Hi has anyone come across screens that sit on top of the litter box so the bunny does not have to sit in the urine or poops. I have one now in a corner litter box that i got at petco but im sure she will grow out of that fast. Thanks Mindy


----------



## MarisaAndToby (Oct 3, 2011)

You can buy litter boxes with a built in screen, but for some a plastic canvas (they're for stitching I think? I found mine at the dollar store) works well if your bun doesn't chew it. If she's a chewer you can use light grating and cut it to the right size.


----------



## SOOOSKA (Oct 3, 2011)

Here'a picture of Daisy Mae in her litterbox with the screen on the litter.

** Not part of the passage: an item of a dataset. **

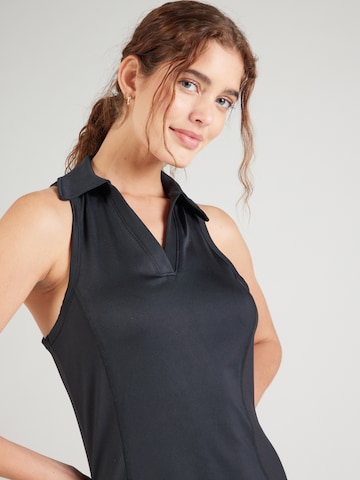 Robe de sport 'ABBY' Marika en noir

Here's a picture of the screens






And one of Winston, you can see his doo doo's. It's very easy to clean up after they go.






Susan


----------



## Mindy10 (Oct 3, 2011)

thanks girls you are giving me some good ideas!! Mindy


----------



## tonyshuman (Oct 4, 2011)

That plastic stuff is called "plastic canvas" so you have a search term/something to ask the salespeople for. Lots of people don't know what it is even if they work at a store that sells it, though.


----------



## Rosalie (Oct 6, 2011)

where can you get these?


----------



## MarisaAndToby (Oct 6, 2011)

I got mine at a dollar store, but any craft store will have them. They're for stitching I think so maybe a fabric store? 

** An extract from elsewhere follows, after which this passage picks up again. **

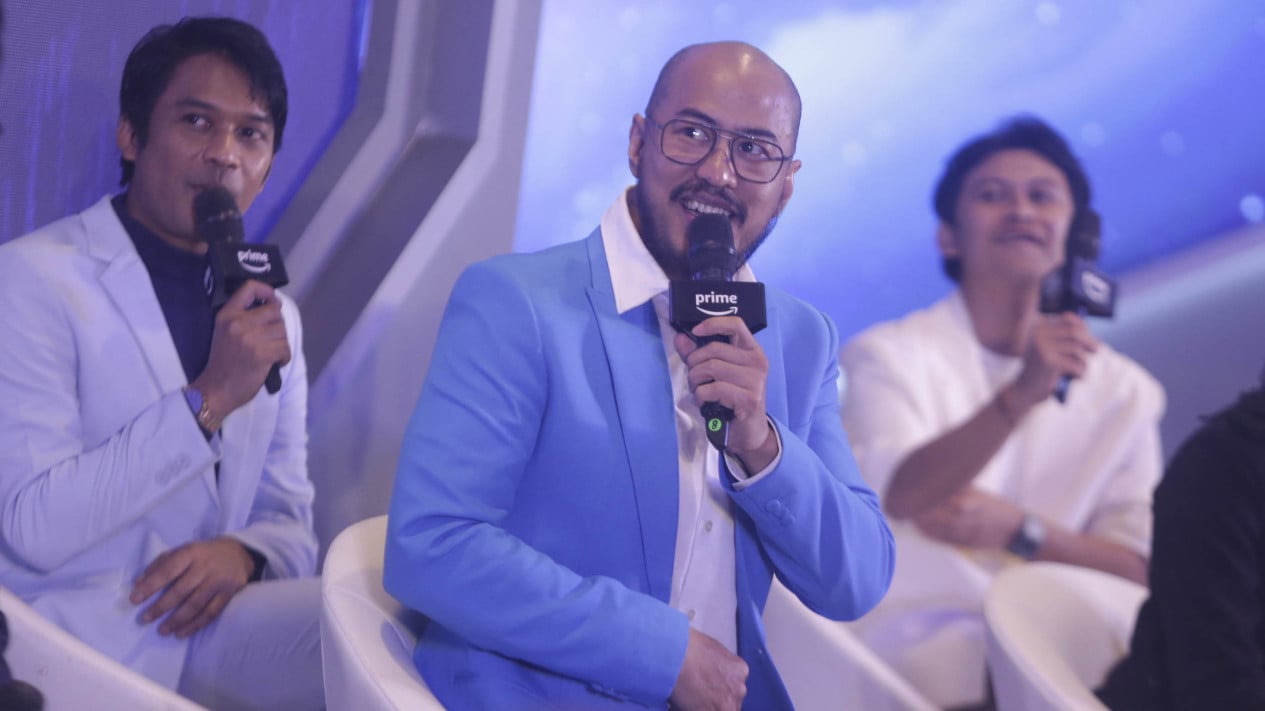 LOL Indonesia: Yang Ketawa Kalah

I don't know if there are Michaels in the states but they have them too.


----------



## tonyshuman (Oct 6, 2011)

They have them at craft stores and WalMart.


----------



## Watermelons (Oct 6, 2011)

Use egg crating, Both pee and poop will fall through that, where as the plastic canvas stuff still allows the poop to sit on top. It also help that the egg crating is about 1cm tall rather then really thin so their sitting above the yucky litter. The holes are about 1cm x 1cm so poops fall through nicely, usually comes in white and silver.
Egg crating/light diffuser also goes by many many names but can usually be found at most hardware stores. Usually down the same isle as other light diffusers.
http://i01.i.aliimg.com/photo/v0/259518625/Egg_Crate_Return_Grille.jpg
http://www.collins-consulting.org/orchids/eggCrate.jpg



Really depends what youre looking for.


----------



## degrassi (Oct 7, 2011)

Yeah, I use the eggcrate stuff too and love it. I have my eggcrate about 3" above my litter so all the poops and pee fall through. My bunny stays clean and I don't have to empty the litter as much(2x/week vs daily before the screen). 

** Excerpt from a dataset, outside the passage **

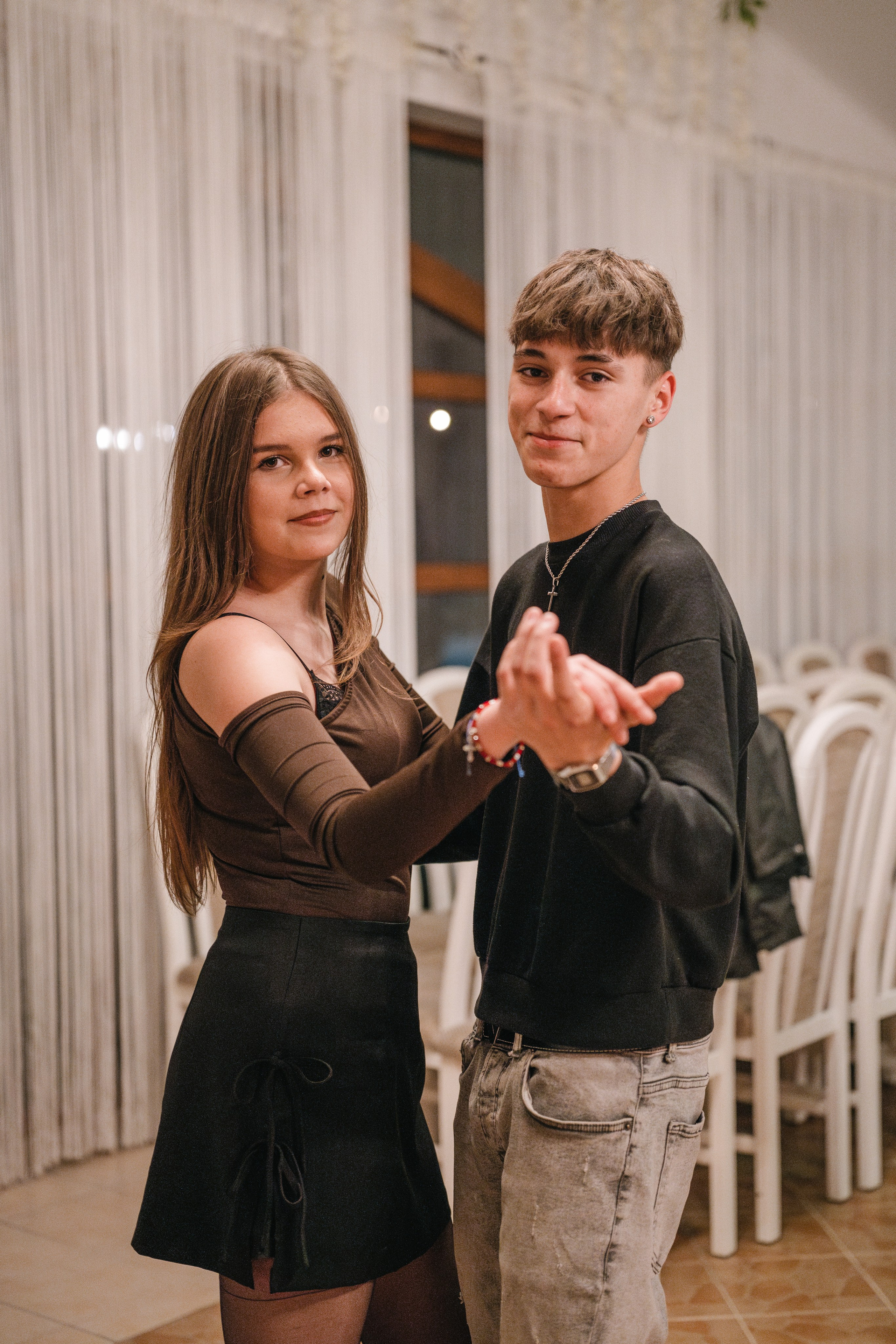 Andreea - Majorat. Tudor Respinciuc - Fotograf de Evenimente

For my litter box I use a rubbermaid bin, I cut the eggcrate to fit inside snugly and I use 4 2" PVC pipes as supports for the eggcrate as I found sometimes it was shifting if my bunny jumped on it wrong.


----------



## Rosalie (Oct 7, 2011)

if you put the grates in there can u put something like baking soda in there to make it smell nicer ?


----------



## Mindy10 (Oct 10, 2011)

Oh I love the egg crate idea. Can you post a picture so I can see how to do it. What do you put 4 pipes one in each corner and rest the crate on that? Also how big to you make the pipes (3 inches high) Thanks


----------



## degrassi (Oct 10, 2011)

I"ll try to take some pics tonight when I clean out the box.


----------



## Mindy10 (Oct 10, 2011)

Great thanks!!


----------



## degrassi (Oct 10, 2011)

Ok just took some pics. They aren't the best but it shows what it looks like. Forgive the pee stains, that eggcrate and pvc is a couple years old 

Here is my rubbermaid bin, 4 pipes for support and the eggcrate next to it. 





Here is what it looks like with the eggcrate on top





Since the sides of the bin are slightly sloped and the eggcrate has sharp edges from where I clipped it, the eggcrate wedges nicely inside. It can be used without the supports but I added them because sometimes Gimpy would jump into the box and the eggcrate would dislodge. So the pipes keep everything supported from underneath and Gimpy can't knock it over anymore. Before I used yogurt containers with the bottoms cut off as the supports, worked equally as well if you dont' want to buy pipe.


----------



## Penelly (May 27, 2019)

I know wired cages cause sore hocks, will this have a similar effect?


----------



## Blue eyes (May 27, 2019)

Penelly said:


> I know wired cages cause sore hocks, will this have a similar effect?



Not if the grid is only on their litter box and they have plenty of other spaces on which to lounge. BUT this is usually only recommended if someone happens to have a rabbit that continually digs out the litter in the box. Having hay on top of litter typically discourages this behavior since they prefer to eat the hay. It also is more comfortable for them to hop directly onto hay. The grate can be a turn off to some rabbits since they simply don't like it.


----------



## Penelly (May 27, 2019)

thank u! i think i will be sticking to just litter


----------